There had been a general air of fatigued reaction abroad this evening. Mrs. Wardour, Silvia, and Nellie had gone to bed within a couple of hours of the termination of dinner, and he and his father had had but a short séance in the billiard-room before parting. Peter had an excuse for this early dispersal, for he must be at Whitehall by ten o’clock to-morrow morning, to deal with accumulations.
Yes; when that lump of coal collapsed he would go to Silvia. Sleepily he watched it, trying in some ill-defined manner to abstract himself from agitating thought, to give himself a rest before he plunged into some sort of breaking waves. He drowsed for a little, and, still looking at his fire between half-closed lids, he fell fast asleep.
The fire had gone out except for a glimmer of dying embers, and for the moment of bewildered awakening before he realized that he was still in his armchair in front of the grate he thought that he was back in his old room, and that the chimney was smoking. As he came to himself, he realized where he was, and even more keenly realized why his mind had caught hold of that idea of the smoking chimney. There was a strong smell of smoke in the room, and, jumping up, he turned on the switch of the electric light, which was close to his hand. He heard it click, but there was no illumination in answer. He had matches in his pocket, and, lighting one, kindled one of the candles that stood on the mantelpiece. Wide awake now, he was more than ever conscious of that smell of burning, and going to the door he opened it. A great swirl of smoke came in, bellying up from the main staircase on the left. Through it there came the noise of crackling wood, and a shoot of veiled flame.
Peter gripped his own mind. On his right, close at hand, were the rooms where his father and Nellie slept. Farther along to the right was a second staircase, communicating with the ground floor, and communicating also with the servants’ wing. Half shutting his eyes against the sting of the smoke, he groped his way first to Nellie’s door.

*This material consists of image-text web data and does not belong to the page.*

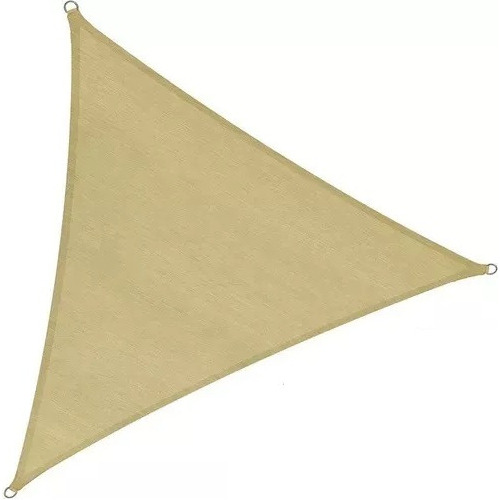 Toldo Vela Malla Sombra Impermeable Triangular 3,6mt Bege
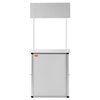 VEVOR Promotion Counter Table, Portable Tradeshow Podium Table, 30.91" x 14.96" x 71.46", Display Exhibition Counter Stand Booth Fair with Wall, Pop Up Podium with Storage Rack/Carrying Bag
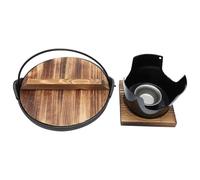 Japanese Style Cast Iron Sukiyaki Pot with Handle for Camping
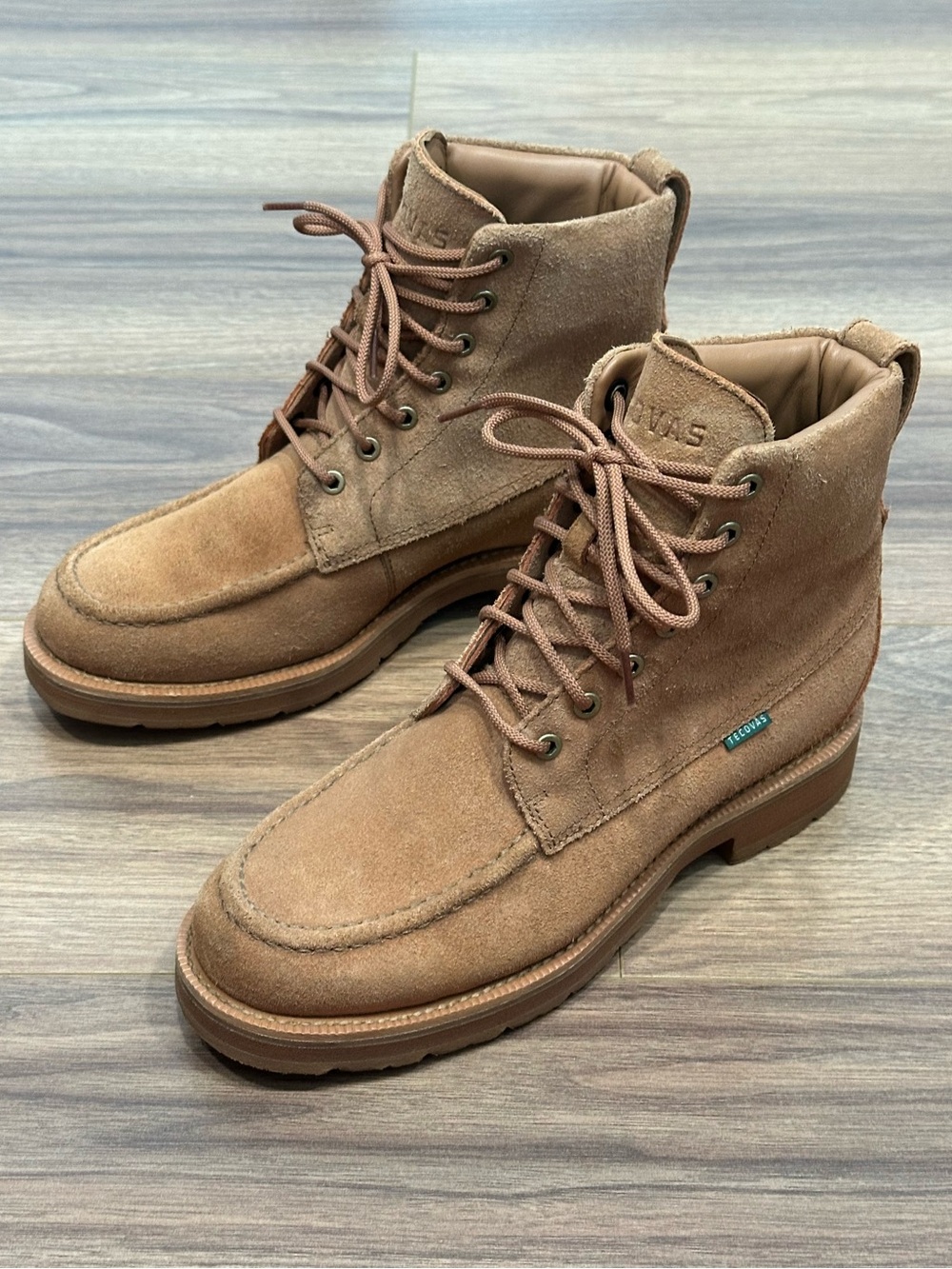 Tecovas The Rugged Moc Roughout Natural Lace Up Boots in Natural WP Roughout - 9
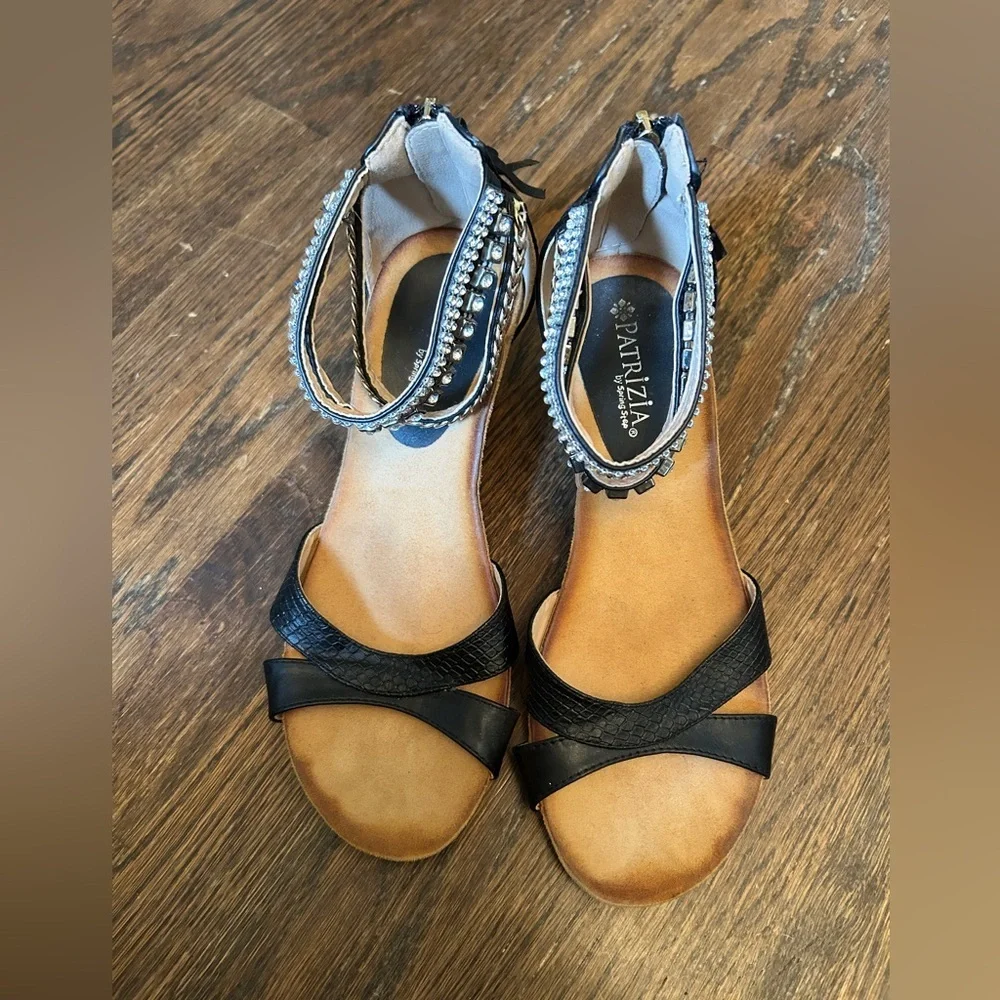 Patrizia Rho Black Rhinestone Wedge Sandals Size 37/6.5-7 - Picture 3 of 7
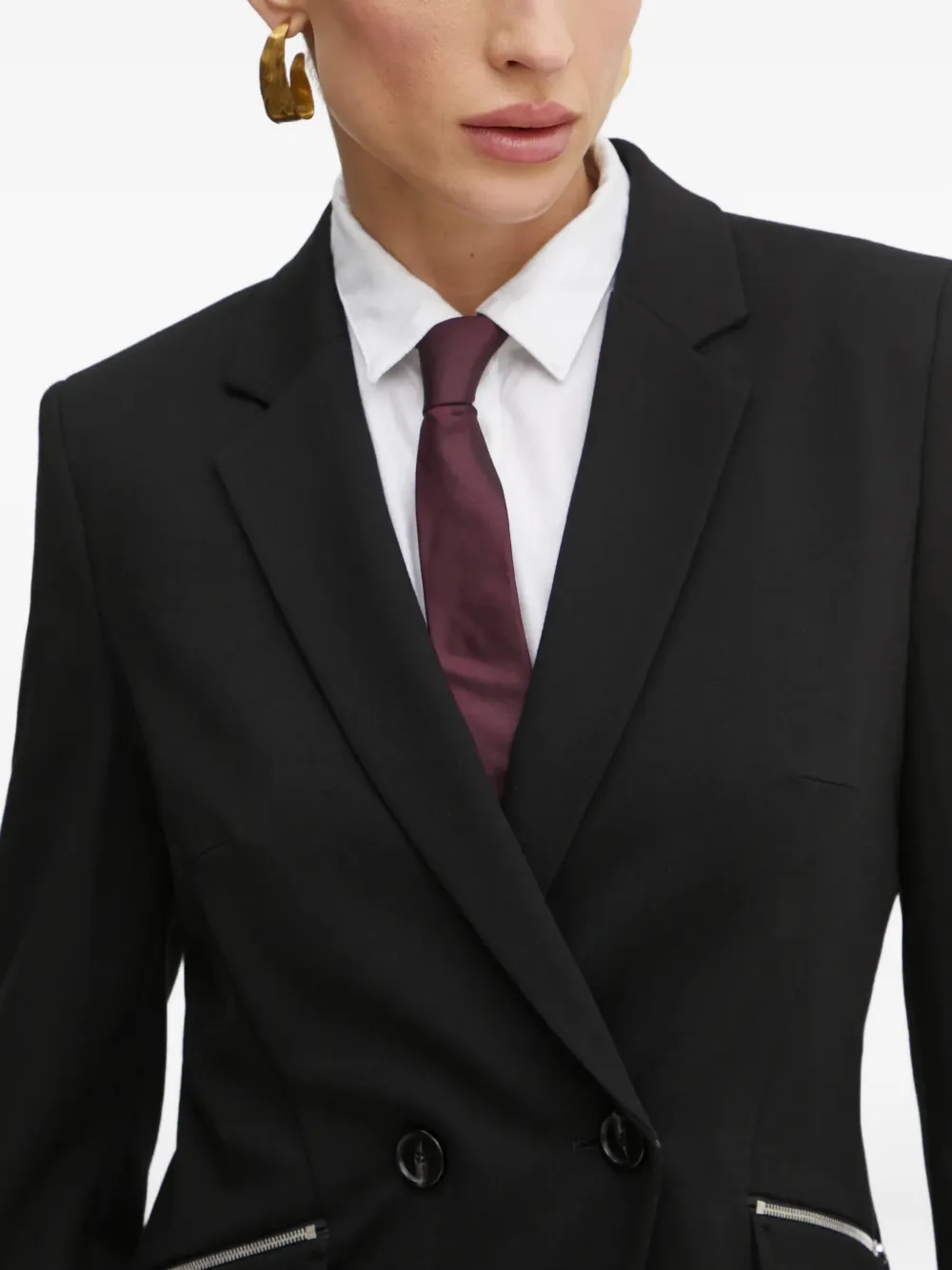 Hugo Boss Double-breasted Zip-pocket Blazer In Black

“Nellie,” he cried, throwing it open, “get up at once: there’s a fire in the house.”
He never felt more completely himself; all his brain was tinglingly awake, and behind his brain something else....

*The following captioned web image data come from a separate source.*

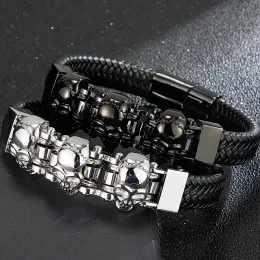 Armbänder Punk Skull Armband Charms Leder Mann Armband Homme mit Magnetverschluss schwarz plattiert Edelstahl Herrenschmuck Gravur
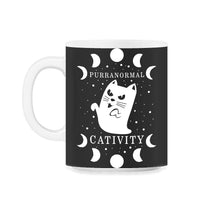 Load image into Gallery viewer, Purranormal Cativity Shirt, Cat Ghost Tee, Funny Cat Halloween - 11oz Mug - Black on White
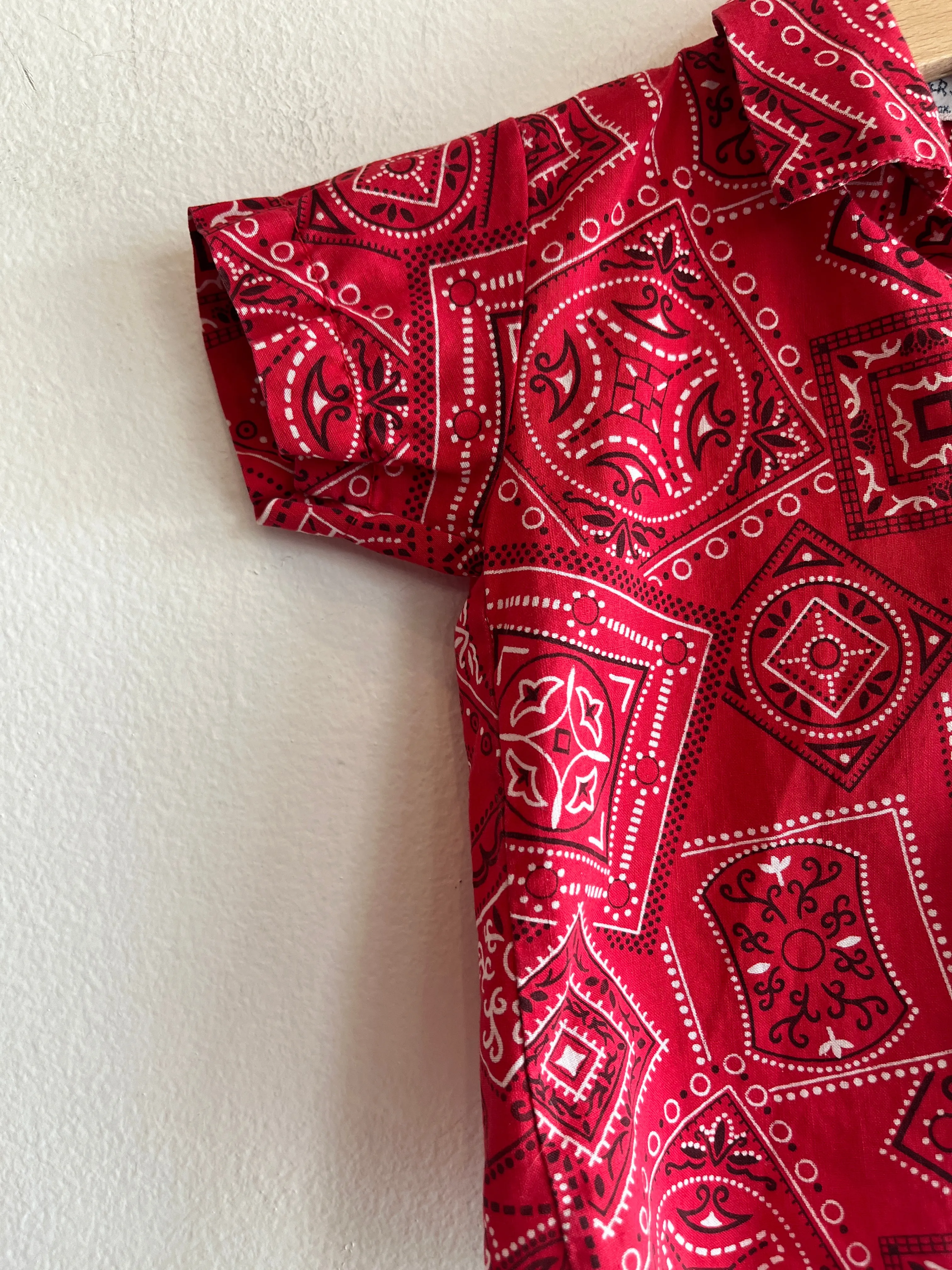 Vintage 1950s Kids Bandana Print Button-Up Shirt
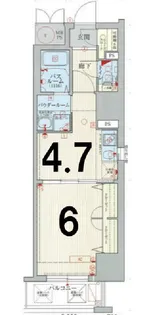 大阪府大阪市中央区松屋町住吉【マンション】の間取り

“Don’t wait a moment,” he said. “Get along the passage and down the stairs. I’ll send my father to you.”
He saw her on her way and plunged into his father’s room.
“House on fire, father,” he said. “Go straight through to your right into the servants’ wing, and bang on every door. Wake Mrs. Wardour, two doors away. Then join Nellie downstairs. Don’t wait: I don’t know how serious it is.”

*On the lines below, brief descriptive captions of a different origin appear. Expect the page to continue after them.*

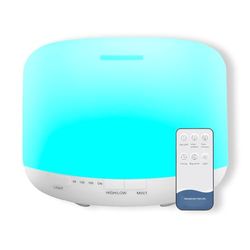 Diffuseur d'huiles essentielles 500 ML avec 7 LED colorées, humidificateur et purificateur d'air, Fonction aromathérapie, Complet avec télécommande et Mesure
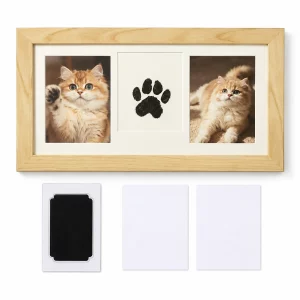 Three-Window Pet Memorial Frame with Paw Print Kit, included kit components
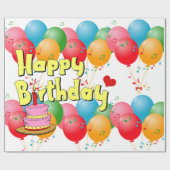 Vrolijke verjaardag! Verpakkingspapier Cadeaupapier (Vlak)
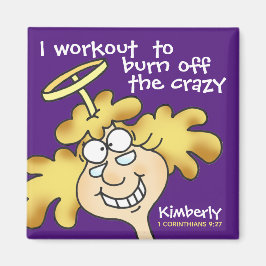 Angel Midges Tecknad Fitness Workout Lila Magnet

Away to the left, beyond that column of smoke now pouring up the main staircase, was the baize door behind which were the rooms that he and Silvia had occupied, and where now she was alone. He tried to dash along the corridor to reach them, but the heat drove him back. Already tongues of flame licked through the banisters of the main staircase, past which he had to go in order to get to her. He was cut off from that access.